Operations Engineering Communications Plan
This plan details to the who, how and when we will communicate information to users and stakeholders.
The Plan
The table below sets out the typical types of communications the Cloud Platform will want to issue.
What information | Target Audience | When | Channel |
---|---|---|---|
New features or services | Service Teams | As features are shipped | operations-engineering-update |
New GitHub features or services | Service Teams | As features are shipped | github-community |
Things we have learned | Justice Digital & Technology | Regularly when we have key things to show or promote | Show the Thing |
Service impacting incidents | Service Teams | When an incident has been declared, key updates during resolution, and at incident closure | operations-engineering-update |
Sharing postmortems for service impacting incidents | Service Teams | When postmortem has been documented | operations-engineering-update |
Service impacting upgrades/Maintenance | Service Teams | As required | operations-engineering-update |
Sharing successes | Chief Technology Officer | Weekly | One to ones and team meetings |
Sharing successes | SMT | Fortnightly | Architecture & Platforms weeknotes |
Sharing successes | Justice Digital & Technology | Regularly when we have key things to show or promote | Post about them in #chat on Slack/Consider for a Show the Thing |
Tips on format of communications
The #operations-engineering-update channel is used for a number of different types of communications so it is important that messages posted have a clear description so that users can understand the importance of the message.

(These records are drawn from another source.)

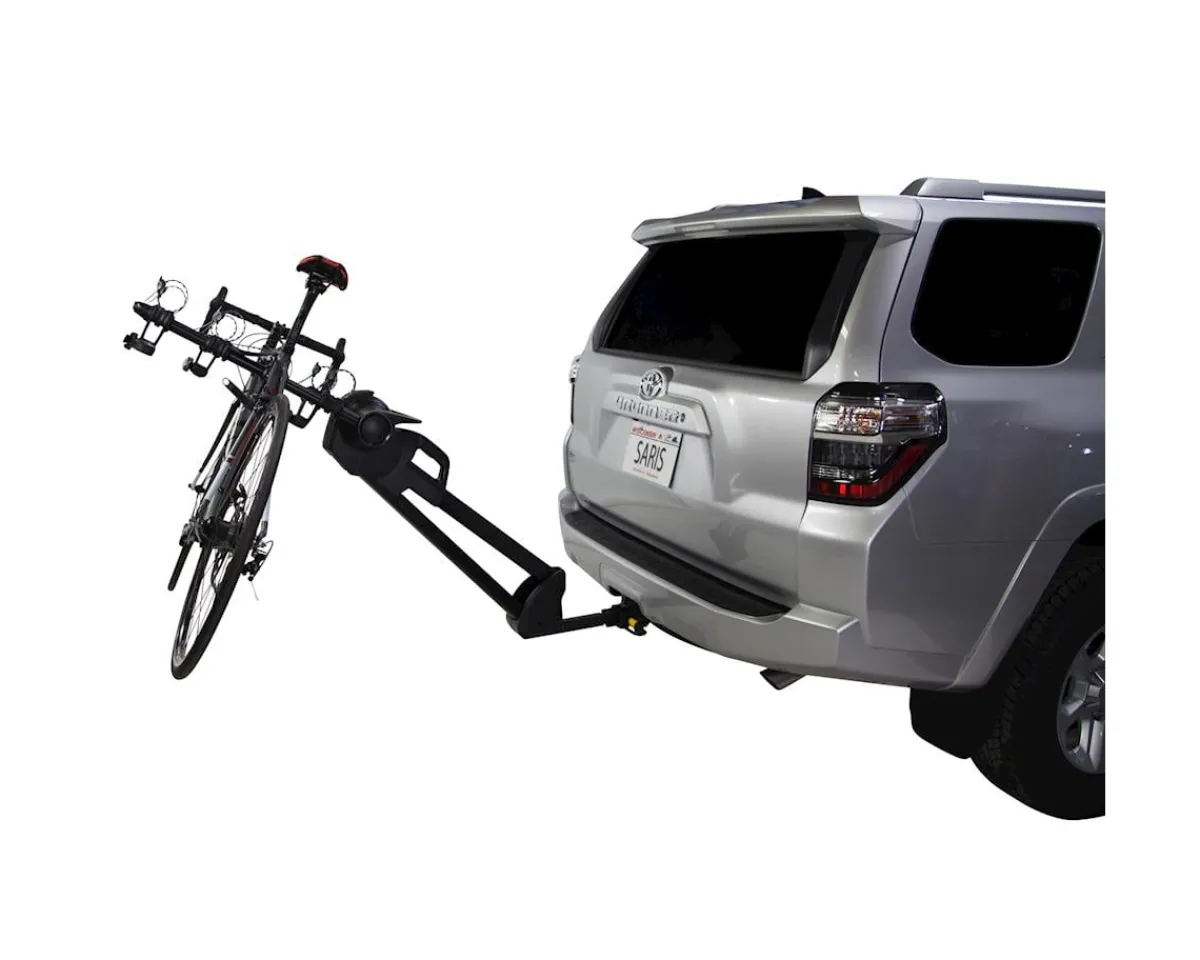 Saris Vehicle Bike Racks|Glide EX Hitch Rack (Black) (4 Bikes) (1.25 & 2" Receiver)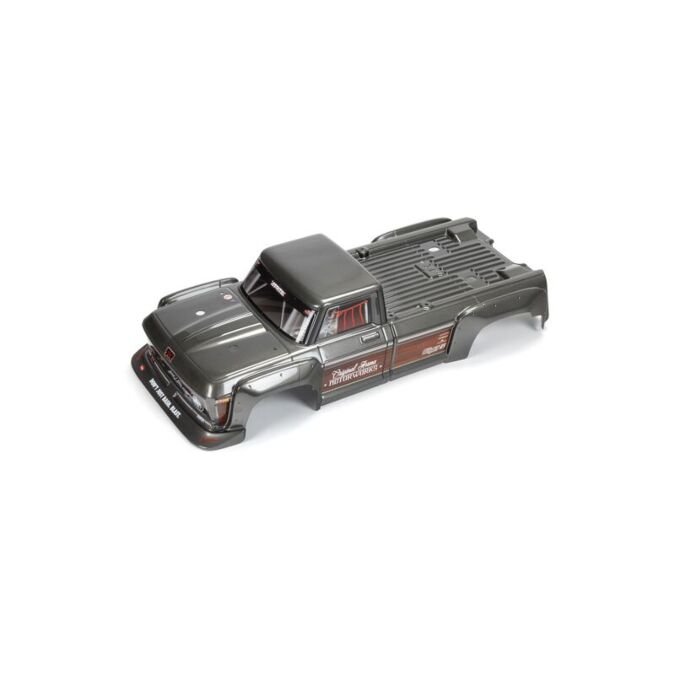 ARRMA Painted Decaled Trimmed Body, Gunmetal: Outcast 4x4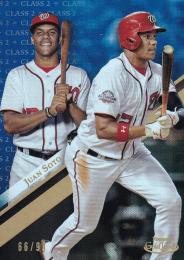 2019 Topps Gold Label Washington Nationals Juan Soto Base Class 2 Blue パラレル版 66/99
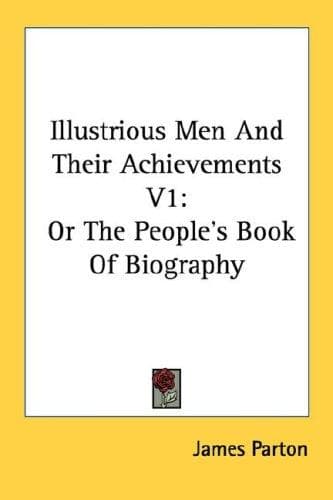 Tapa de Illustrious Men And Their Achievements V1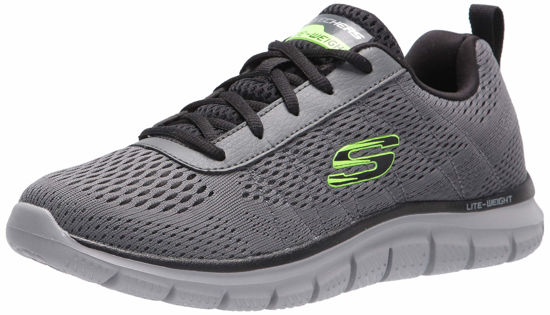 Picture of Skechers mens Skechers Men's Track Moulton Oxford, Charcoal/Black, 12 US - Size: 12
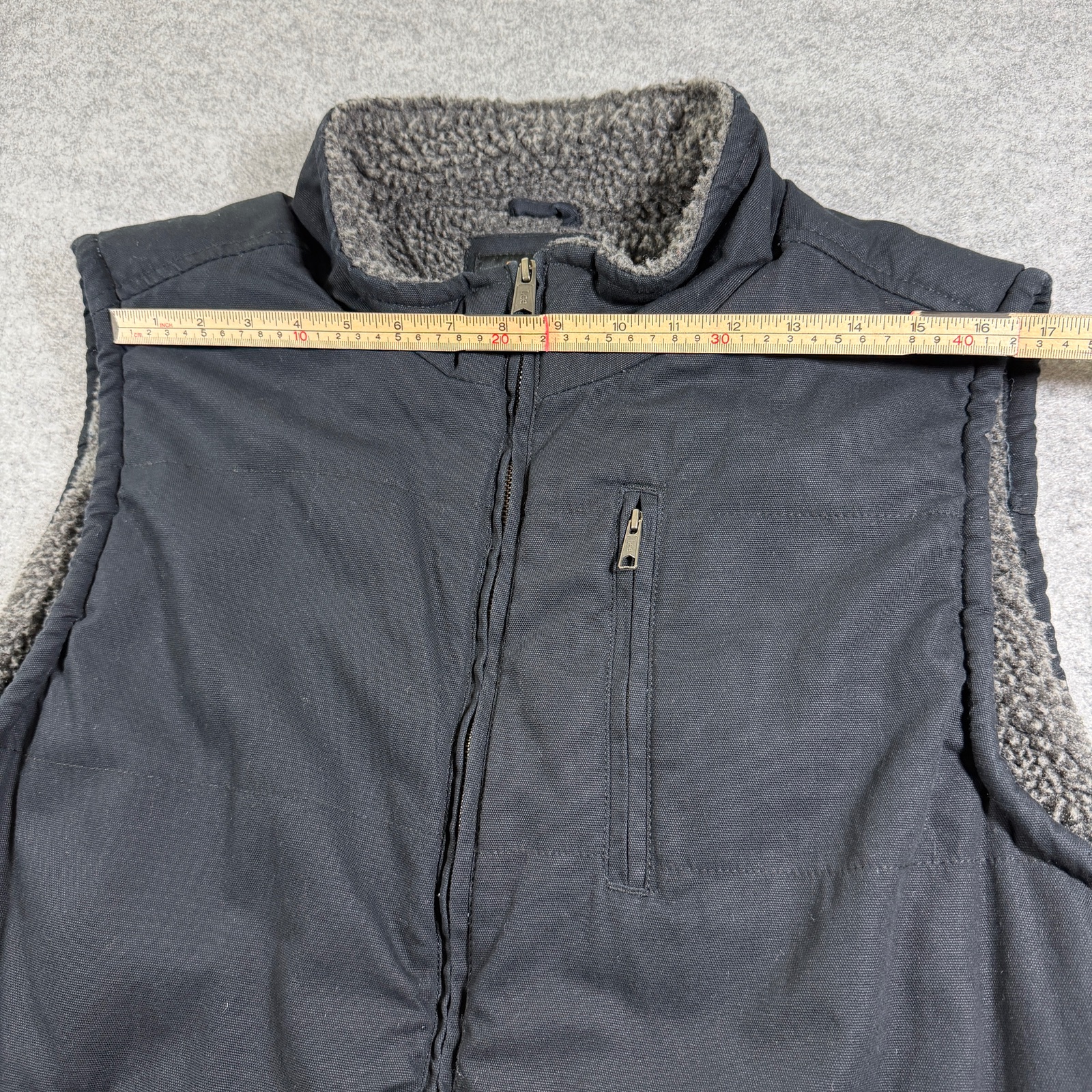 Lee Premium Sherpa Lined Work Vest Mens XXL Black Canvas Heavy Duty Workwear thumbnail 8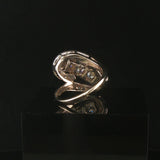 14k White Gold and 0.85cttw Diamond Ladies Fancy Ring Size 7.75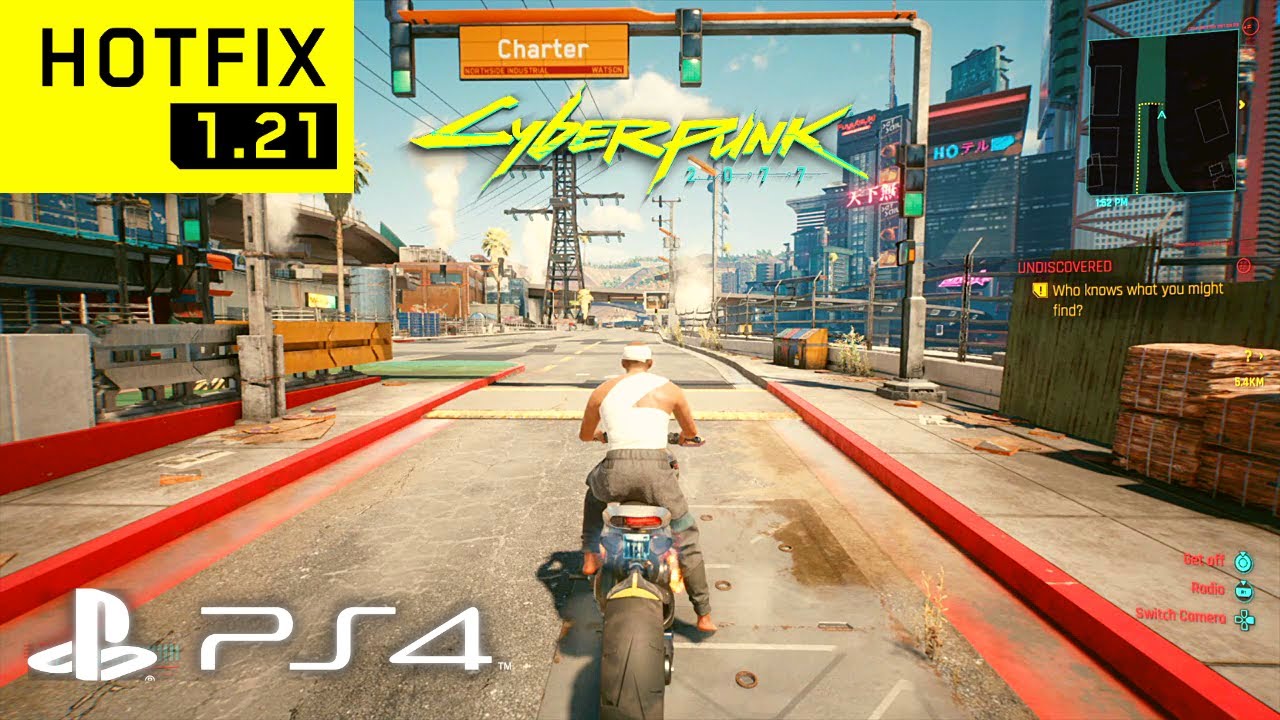 Cyberpunk 2077 Hotfix 121 Ps4 Slim Gameplay Performance And Graphics Free Roam Around Night 0804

In the case of incidents or upgrades the message should have a bold title that clearly describes what the message will be about.
Examples
Kubernetes 1.14 Upgrade
Incident - Sentry unavailable
Action Required - Decommissioning Service
Things to include in incident communications
- service impact/what users might be reporting
- action being taken (this might just be that we are investigating the issue)
- when users can expect a progress update (and make sure that the update actually happens when you say it will)
- details of any actions users need to take (if applicable)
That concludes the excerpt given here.